Discovering the Amazing Pauli Murray

For the “learn something new every day” files…


My friend, Yale lecturer Stuart Semmel


This week I connected with a college classmate, Stuart Semmel, who lives on the campus of Yale University. His wife, Professor Tina Lu, is Head of College of Pauli Murray College and he’s Associate Head as well as a senior lecturer in history and the humanities. When he first mentioned this information I had to ask, “What’s Pauli Murray College?” He replied that its one of the two new residential colleges at Yale (the other is Benjamin Franklin College) and that he’d be happy to give me a tour. By the way, a residential college is akin to the houses at Hogwarts—it’s a student’s home base for all four years of their Yale experience.

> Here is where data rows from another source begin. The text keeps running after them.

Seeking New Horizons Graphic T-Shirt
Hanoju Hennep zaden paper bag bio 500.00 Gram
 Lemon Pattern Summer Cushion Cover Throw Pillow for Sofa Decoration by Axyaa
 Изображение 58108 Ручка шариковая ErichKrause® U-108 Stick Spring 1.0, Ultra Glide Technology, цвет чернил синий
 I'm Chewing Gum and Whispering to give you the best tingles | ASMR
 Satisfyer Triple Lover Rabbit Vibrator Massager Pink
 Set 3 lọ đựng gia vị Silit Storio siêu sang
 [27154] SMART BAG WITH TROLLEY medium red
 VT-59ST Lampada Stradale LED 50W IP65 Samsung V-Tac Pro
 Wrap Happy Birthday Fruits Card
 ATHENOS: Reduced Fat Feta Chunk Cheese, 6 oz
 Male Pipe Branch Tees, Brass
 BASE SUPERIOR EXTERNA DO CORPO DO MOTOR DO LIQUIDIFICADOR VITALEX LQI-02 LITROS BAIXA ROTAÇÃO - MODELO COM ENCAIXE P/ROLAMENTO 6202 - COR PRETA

I didn’t ask, “Who’s Pauli Murray?” I should have because I didn’t know, but at that point I was distracted by thoughts of what sort of modern concrete and glass behemoth had been plopped down amid Yale’s beautiful Georgian and Gothic structures. I assumed that’s what usually happens with new construction on historic campuses.


During my visit with my classmate I was delighted to make these two discoveries:


1.) Pauli Murray College is a gorgeous gothic style stone and brick construction. Robert A.M. Stern Architects designed it. I marveled over the old world touches, especially the intricate stone work which, Stuart pointed out, features a variety of symbols and quotes meaningful to Yale and to Pauli Murray.


“I thought they didn’t build like this anymore,” I said in wonder.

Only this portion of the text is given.